8.2. TensorBoard#
TensorBoard provides the visualisation and tooling needed for machine learning experimentation:
Tracking and visualising metrics such as loss and accuracy
Visualising the model graph (ops and layers)
Viewing histograms of weights, biases, or other tensors as they change over time
Projecting embeddings to a lower dimensional space
Displaying images, text, and audio data.
Logging#
In the csf_main.py we have used TensorBoard to:
log accuracy and loss values
show batch images
The SummaryWriter
class is your main entry to log data for consumption and visualisation by
TensorBoard. So, we import it:
from torch.utils.tensorboard import SummaryWriter
At the start, we initialise two instances of SummaryWriter
for train and testing, each logging in
their corresponding directories:
args.tb_writers = dict()
for mode in ['train', 'test']:
args.tb_writers[mode] = SummaryWriter(os.path.join(args.out_dir, mode))
We add new accuracy/loss by calling the add_scalar
function and add new images by calling the
add_image
function.
SummaryWriter
contains several add_<SOMETHING>
functions
(https://pytorch.org/docs/stable/tensorboard.html), most of them with a similar set of arguments:
tag (data identifier)
value (e.g., a floating number in case of scalar and a tensor in case of image)
step (allowing to browse the same tag at different time steps)
At the end of the programme, it’s recommended to close the SummaryWriter
by calling the close()
function.
Monitoring#
We can open the TensorBoard in our browser by calling
tensorboard --logdir <LOG_DIR> --port <PORT_NUMBER>
In our project, by default, the TensorBoard files are saved at csf_out/train/ and csf_out/test/
folder.
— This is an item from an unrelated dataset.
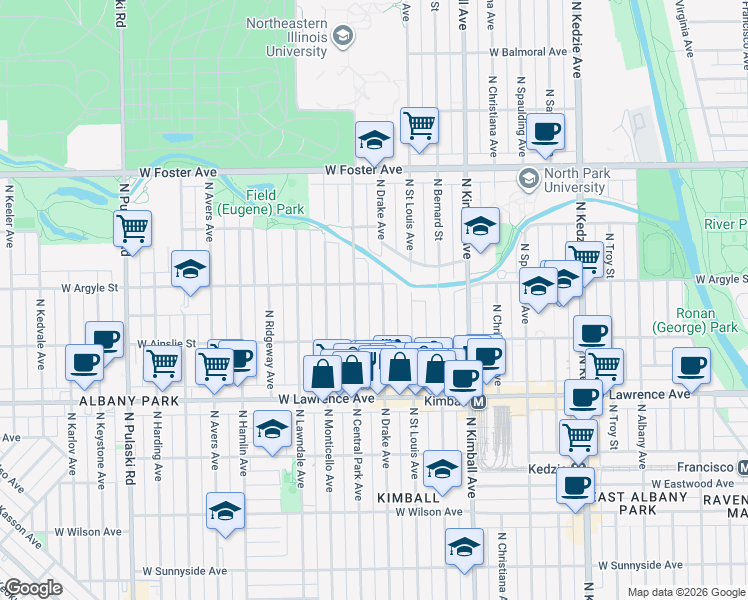 map of restaurants, bars, coffee shops, grocery stores, and more near 4941 North Drake Avenue in Chicago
If we specify the <LOG_DIR>
as the parent directory (csf_out/), TensorBoards in all
subdirectories will be also visualised:
This is a very useful tool to compare different conditions (e.g., train/test, different experiments) at the same time.
If there are too many nested TensorBoards, it might become too slow.
The value for <PORT_NUMBER>
is a four-digit number, e.g., 6006.:
If the port number is already occupied by another process, use another number.
You can have several TensorBoards open at different ports.
Finally, we can see the TensorBoard in our browser under this URL
http://localhost:<PORT_NUMBER>/